Source data Start Marker

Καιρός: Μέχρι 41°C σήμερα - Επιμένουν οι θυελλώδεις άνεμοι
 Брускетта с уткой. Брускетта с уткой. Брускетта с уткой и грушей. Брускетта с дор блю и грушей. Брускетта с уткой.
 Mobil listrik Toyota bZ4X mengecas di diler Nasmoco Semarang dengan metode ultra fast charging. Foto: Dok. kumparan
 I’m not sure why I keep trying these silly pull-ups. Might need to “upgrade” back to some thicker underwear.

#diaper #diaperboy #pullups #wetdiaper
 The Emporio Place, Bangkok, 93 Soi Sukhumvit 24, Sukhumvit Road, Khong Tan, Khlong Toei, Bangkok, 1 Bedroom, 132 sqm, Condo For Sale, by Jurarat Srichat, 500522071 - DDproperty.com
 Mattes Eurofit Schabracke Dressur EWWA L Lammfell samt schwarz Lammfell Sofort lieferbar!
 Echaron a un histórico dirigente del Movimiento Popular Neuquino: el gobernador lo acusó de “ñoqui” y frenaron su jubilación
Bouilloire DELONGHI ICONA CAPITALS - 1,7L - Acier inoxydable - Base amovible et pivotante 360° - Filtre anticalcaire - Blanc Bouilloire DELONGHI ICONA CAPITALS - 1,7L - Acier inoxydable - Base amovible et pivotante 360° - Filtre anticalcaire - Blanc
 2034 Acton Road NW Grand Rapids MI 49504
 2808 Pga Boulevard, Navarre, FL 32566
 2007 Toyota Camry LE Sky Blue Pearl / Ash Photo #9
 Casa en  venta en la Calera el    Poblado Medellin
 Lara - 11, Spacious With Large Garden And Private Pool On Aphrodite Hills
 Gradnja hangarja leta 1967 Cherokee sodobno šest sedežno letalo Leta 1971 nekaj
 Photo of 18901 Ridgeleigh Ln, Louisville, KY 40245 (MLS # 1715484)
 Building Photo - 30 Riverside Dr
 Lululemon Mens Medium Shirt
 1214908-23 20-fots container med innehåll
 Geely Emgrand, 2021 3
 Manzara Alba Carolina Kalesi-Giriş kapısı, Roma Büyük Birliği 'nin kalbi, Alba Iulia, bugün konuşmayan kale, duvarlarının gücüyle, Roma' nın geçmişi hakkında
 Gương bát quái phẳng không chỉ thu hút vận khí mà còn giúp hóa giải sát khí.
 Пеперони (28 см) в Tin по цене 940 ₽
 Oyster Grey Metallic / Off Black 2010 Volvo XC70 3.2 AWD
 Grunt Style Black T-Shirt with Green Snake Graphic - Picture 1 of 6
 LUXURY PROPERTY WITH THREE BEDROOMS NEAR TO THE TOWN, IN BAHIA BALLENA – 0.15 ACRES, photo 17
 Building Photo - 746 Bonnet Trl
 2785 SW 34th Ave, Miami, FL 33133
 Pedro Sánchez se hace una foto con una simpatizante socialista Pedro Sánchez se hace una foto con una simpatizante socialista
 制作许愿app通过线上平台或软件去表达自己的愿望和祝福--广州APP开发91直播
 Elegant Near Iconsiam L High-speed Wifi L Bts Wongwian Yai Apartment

Source data End Marker

= What is required =
Above are the entries. Copy exactly the part that opens with the line containing "Mobil listrik Toyota" and closes with the line containing "Mattes Eurofit Schabracke", and no more.

= Solved problem =
 Mobil listrik Toyota bZ4X mengecas di diler Nasmoco Semarang dengan metode ultra fast charging. Foto: Dok. kumparan
 I’m not sure why I keep trying these silly pull-ups. Might need to “upgrade” back to some thicker underwear.

#diaper #diaperboy #pullups #wetdiaper
 The Emporio Place, Bangkok, 93 Soi Sukhumvit 24, Sukhumvit Road, Khong Tan, Khlong Toei, Bangkok, 1 Bedroom, 132 sqm, Condo For Sale, by Jurarat Srichat, 500522071 - DDproperty.com
 Mattes Eurofit Schabracke Dressur EWWA L Lammfell samt schwarz Lammfell Sofort lieferbar!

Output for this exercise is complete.